- Relator(a)
- Ministro Antonio Saldanha Palheiro
- Órgão julgador
- Sexta Turma
- Data do julgamento
- 04/08/2020
- Data de publicação
- 10/08/2020
STJ – Acórdão, Rel. Ministro Antonio Saldanha Palheiro, Sexta Turma, j. 04/08/2020, p. 10/08/2020
AGRAVO REGIMENTAL. TRÁFICO DE ENTORPECENTES. PRISÃO EM FLAGRANTE CONVERTIDA EM PREVENTIVA. DECRETO FUNDAMENTADO. REITERAÇÃO DELITIVA. MEDIDAS CAUTELARES ALTERNATIVAS. PROPORCIONALIDADE, SUFICIÊNCIA E ADEQUAÇÃO. FIXAÇÃO QUE SE IMPÕE. DECISÃO MANTIDA. RECURSO DESPROVIDO. 1. O ordenamento jurídico vigente traz a liberdade do indivíduo como regra.
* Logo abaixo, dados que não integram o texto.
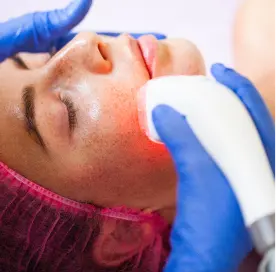 laser_treatment_for_pigmentation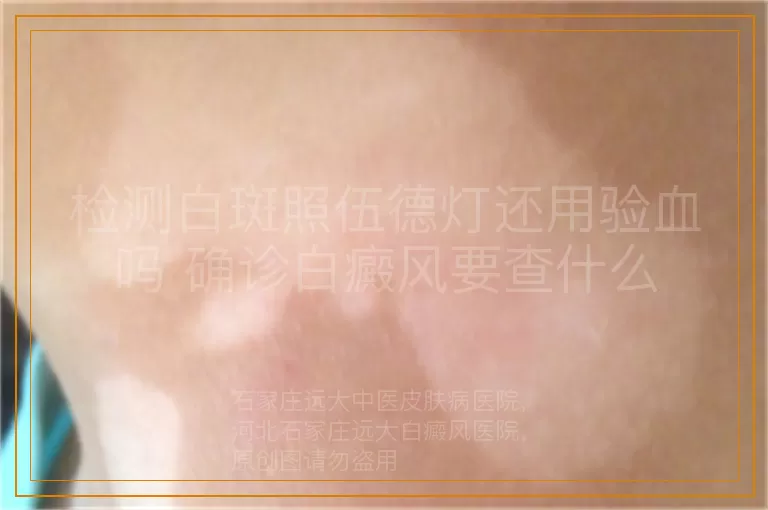检测白斑照伍德灯还用验血吗 确诊白癜风要查什么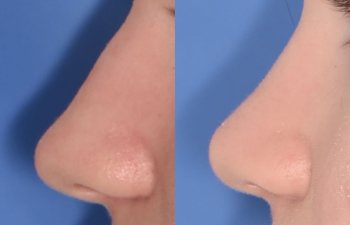 patient before and after rhinoplasty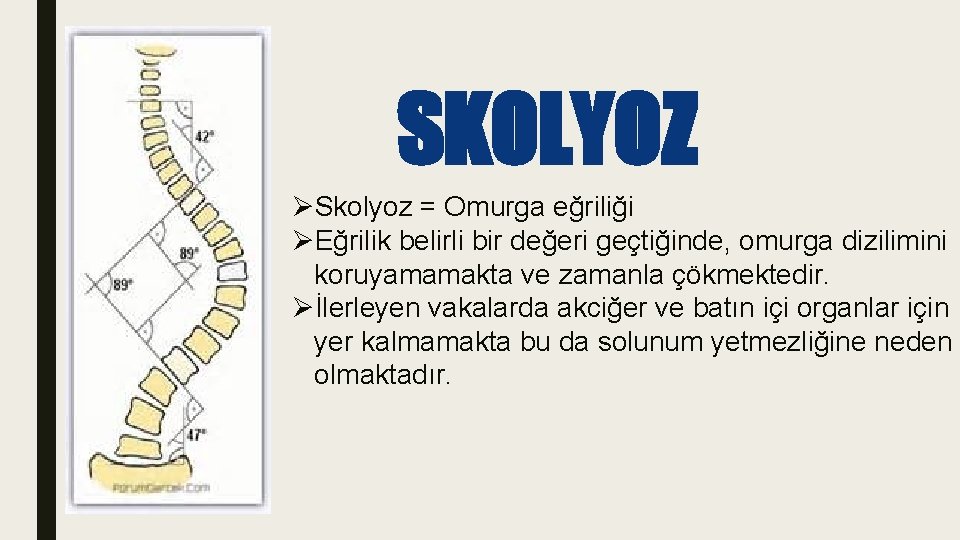 SKOLYOZ ØSkolyoz = Omurga eğriliği ØEğrilik belirli bir değeri geçtiğinde, omurga dizilimini koruyamamakta ve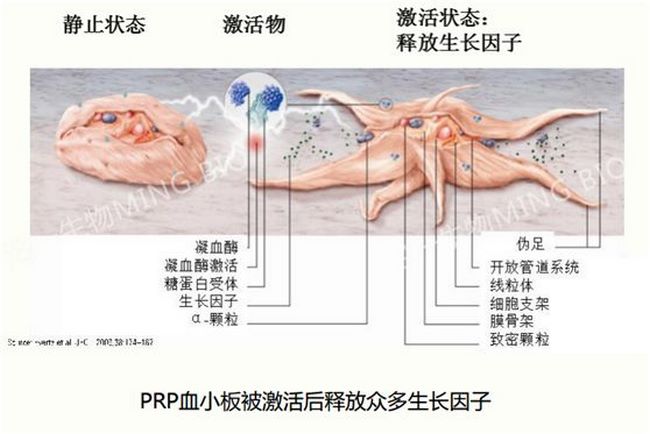 蕪湖市中醫(yī)醫(yī)院首次開(kāi)展PRP治療難治性外傷(圖5)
Desse modo, a prisão revela-se cabível tão somente quando estiver concretamente comprovada a existência do periculum libertatis, sendo impossível o recolhimento de alguém ao cárcere caso se mostrem inexistentes os pressupostos autorizadores da medida extrema, previstos na legislação processual penal. 2. No caso, a decisão que converteu a prisão em flagrante em preventiva destacou a reiteração delitiva do ora agravado, de modo que não há falar em decisão desprovida de motivação. 3. Todavia, mesmo levando em conta a fundamentação declinada no decreto prisional, e até mesmo o que consta do acórdão impugnado, as particularidades do caso demonstram a suficiência, a adequação e a proporcionalidade da imposição das medidas menos severas previstas no art. 319 do Código de Processo Penal. Portanto, considerando (a) ser a prisão a ultima ratio; (b) não ter sido o delito praticado mediante violência ou grave ameaça; e (c) a quantidade de droga apreendida (cerca de 40g de maconha), mostra-se desarrazoada a segregação preventiva, sendo suficiente e adequada a imposição de medidas cautelares diversas da prisão. 4. Ademais, em razão da atual pandemia de Covid-19 e ante os reiterados esforços do Poder Público para conter a disseminação do novo coronavírus, inclusive nas unidades prisionais, esta Casa vem olhando com menor rigor para casos como o presente, flexibilizando, pontualmente, a jurisprudência do Superior Tribunal de Justiça na hipótese de crimes praticados sem violência ou grave ameaça e/ou que não revelem, ao menos num primeiro momento, uma maior gravidade e uma periculosidade acentuada do agente, como é o caso dos autos, em que se está diante do crime de tráfico de entorpecentes e da apreensão de cerca de 40g (quarenta gramas) de maconha. 5. Agravo desprovido. (AgRg no RHC n. 127.938/MG, relator Ministro Antonio Saldanha Palheiro, Sexta Turma, julgado em 4/8/2020, DJe de 10/8/2020.)